**ASSIGNED TASK**
Exact transcript, pictures excluded: write out every record below.

**DATA UNDER STUDY**
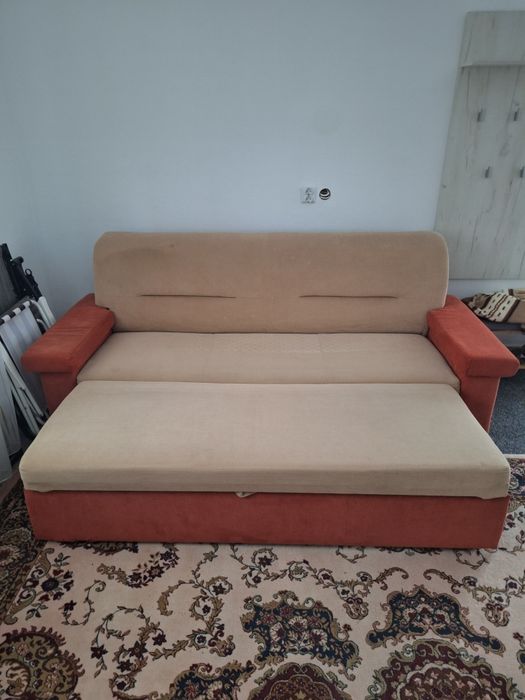 Canapea extensibilă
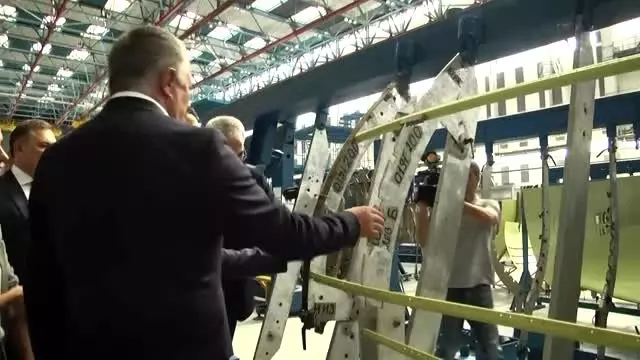 Pakdemirli, yangın söndürme uçağı fabrikasını ziyaret etti Pakdemirli, yangın söndürme uçağı fabrikasını ziyaret etti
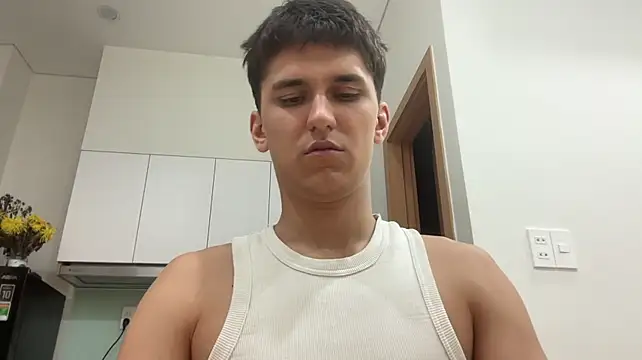 Онлайн чат XXX Adrian_Coles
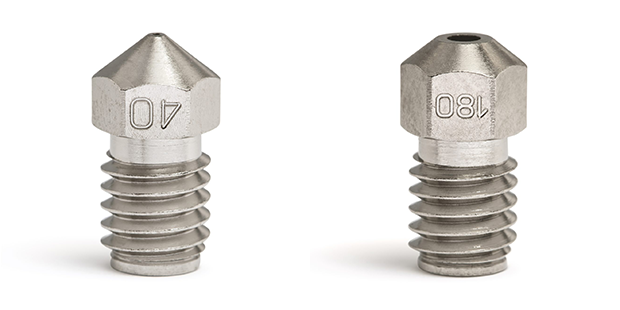 通常のノズル （0.4mm）と太ノズル（1.8mm）の比較 画像出典：（https://www.bondtech.se/product/bondtech-cht-coated-brass-nozzle/）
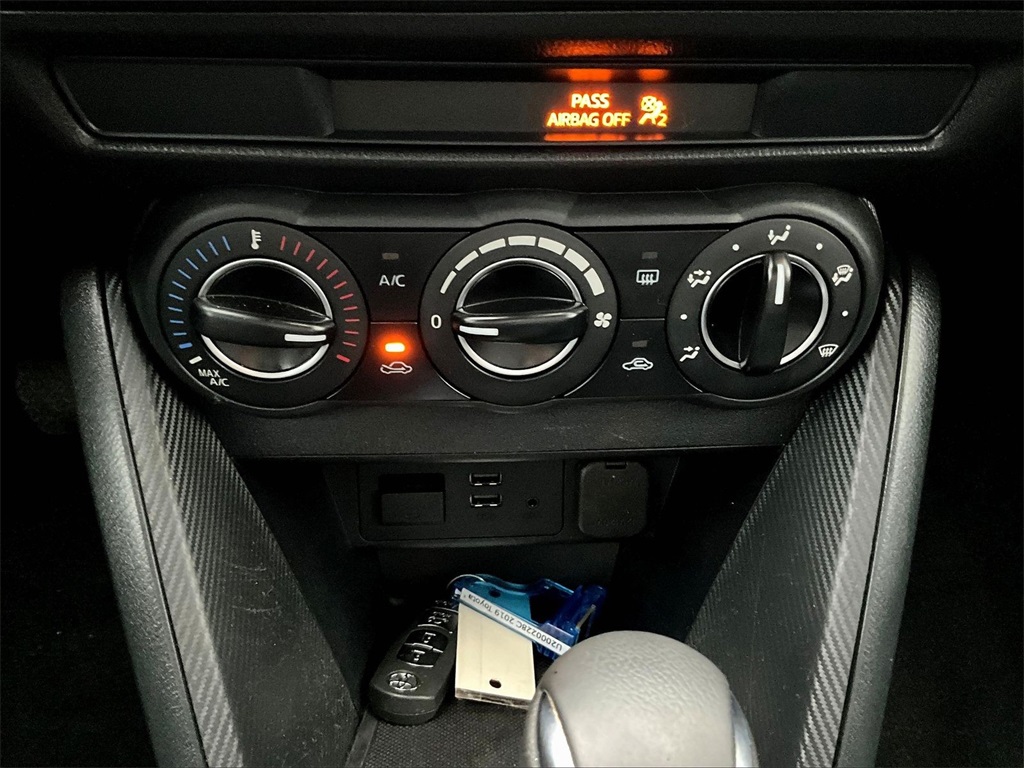 2019 Toyota Yaris L - Photo 26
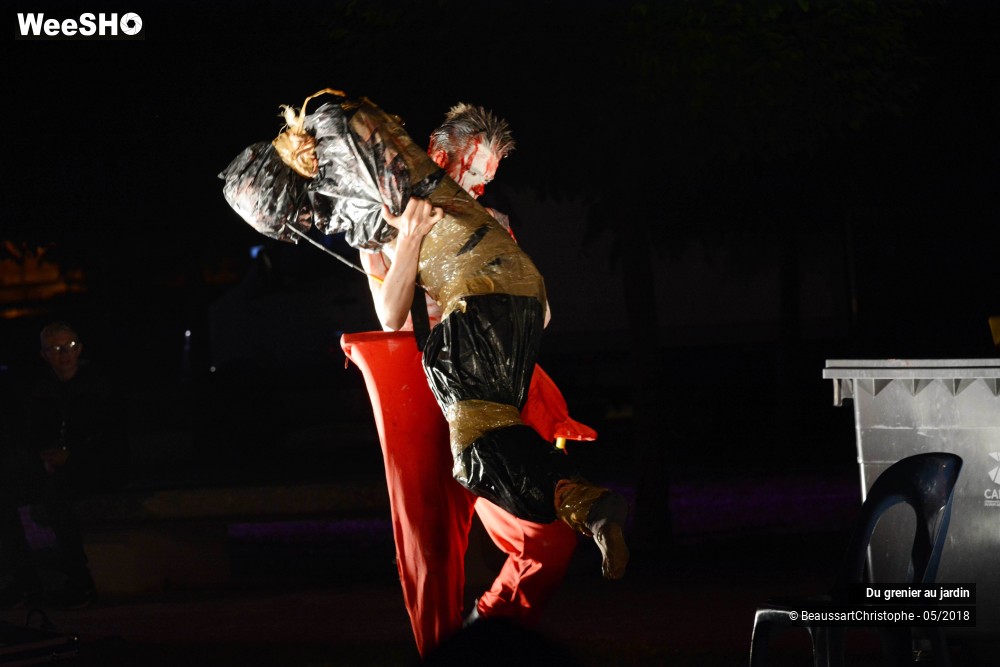 18/38 photos du spectacle Pryl, un prophète à la rue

**EXERCISE OUTPUT**
 Canapea extensibilă
 Pakdemirli, yangın söndürme uçağı fabrikasını ziyaret etti Pakdemirli, yangın söndürme uçağı fabrikasını ziyaret etti
 Онлайн чат XXX Adrian_Coles
 通常のノズル （0.4mm）と太ノズル（1.8mm）の比較 画像出典：（https://www.bondtech.se/product/bondtech-cht-coated-brass-nozzle/）
 2019 Toyota Yaris L - Photo 26
 18/38 photos du spectacle Pryl, un prophète à la rue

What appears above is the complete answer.